Sin embargo, si la deliberación pública ha de utilizarse como una herramienta para la educación efectiva de todos los niños, se deberá hacer un esfuerzo para que todos los sectores de la comunidad estén participando en el diálogo. Con mucha frecuencia, las poblaciones con distintos idiomas, culturas y orígenes étnicos quedan excluídas de la participación en el diálogo público. La no inclusión de éstas, o la renuencia a participar por parte de ellas mismas, podría deberse a la percepción de que carecen de las destrezas necesarias para participar, o de los requisitos de un comportamiento cultural desconocido para ellas, o porque el tema y la actividad podría parecer no tener importancia (SEDL, 1995). La deliberación requiere no sólo de designar algún tiempo para que las personas se conozcan y platiquen, sino también para promover un sentido de seguridad y relación para todos los que están involucrados. (Olsen, et al., 1994).
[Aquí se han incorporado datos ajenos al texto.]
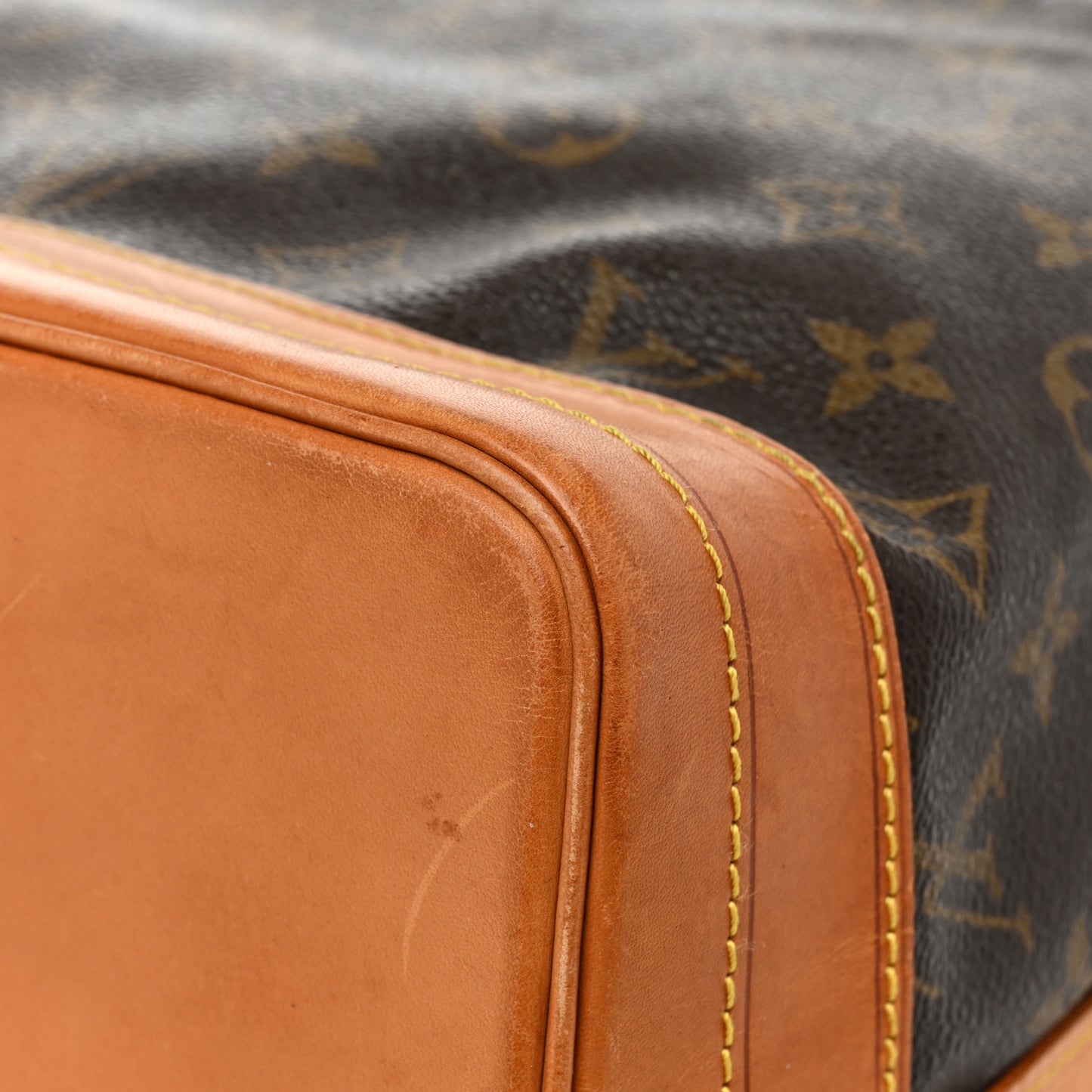 Monogram Noe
Las voces de la familia y de la comunidad son esenciales en el diálogo para la reforma escolar. Éstas ofrecen un aparador de las experiencias de los estudiantes que carecen los maestros y otros educadores. Para los estudiantes que provienen de familias lingüística y culturalmente diversas, el aparador ayuda a enlazar la escuela con el hogar al comprender mejor el origen lingüístico y cultural. Sin esta aportación, las escuelas están en desventaja a la hora de identificar e implementar las reformas necesarias y los niños corren el riesgo de no ser comprendidos, además de no recibir una buena educación y no ser incluidos (Olsen, et al., 1994).
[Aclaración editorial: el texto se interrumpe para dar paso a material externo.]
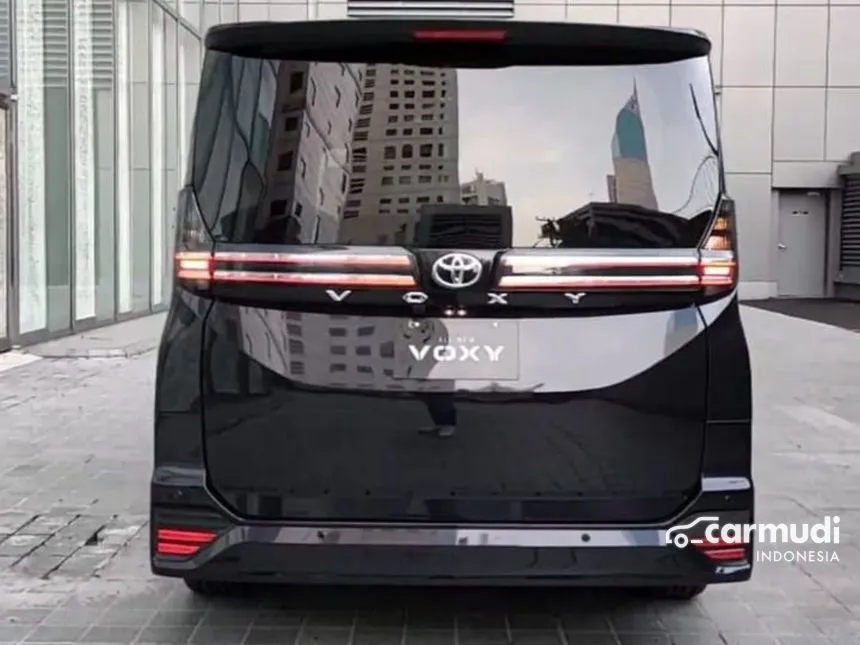 2024 Toyota Voxy Van Wagon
Lo común entre el público y las escuelas surge cuando las comunidades comparten sus propósitos, el respeto, el idioma, las preocupaciones y procesos, y se comprometen a trabajar en conjunto. En muchas comunidades, los padres de familia, educadores, y miembros de la comunidad en general han logrado comprender que el papel del público debe ir más allá del pago de impuestos, la elección de consejos escolares y la participación en eventos especiales. Los educadores, aunque son los expertos, no pueden decidir solos la manera en que deben manejarse las escuelas. El público deberá cumplir con su papel y ayudar a crear las escuelas que desean tener.

La deliberación pública puede ser una herramienta importante para ayudar a que la comunidad "genere mayor claridad y un acuerdo general" (Wagner, 1997). Las características singulares de la deliberación pública: la adaptabilidad, la inclusión y el énfasis en la resolución de problemas en grupo, hace de ésta una importante herramienta al modificar en las escuelas la manera de enseñanza y preparación de estudiantes. Una vez incorporada dentro de una cultura comunitaria, la deliberación es como el proceso de una puerta giratoria (Ledell, 1996). "Si pensamos en la educación como parte de nuestra labor como ciudadanos, cambia nuestra relación con las escuelas, y crea una mayor posibilidad de que veamos a éstas como nuestros agentes, como instituciones que nos ayuda a llevar a cabo las responsabilidades públicas" (Mathews, 1996, pág. 54).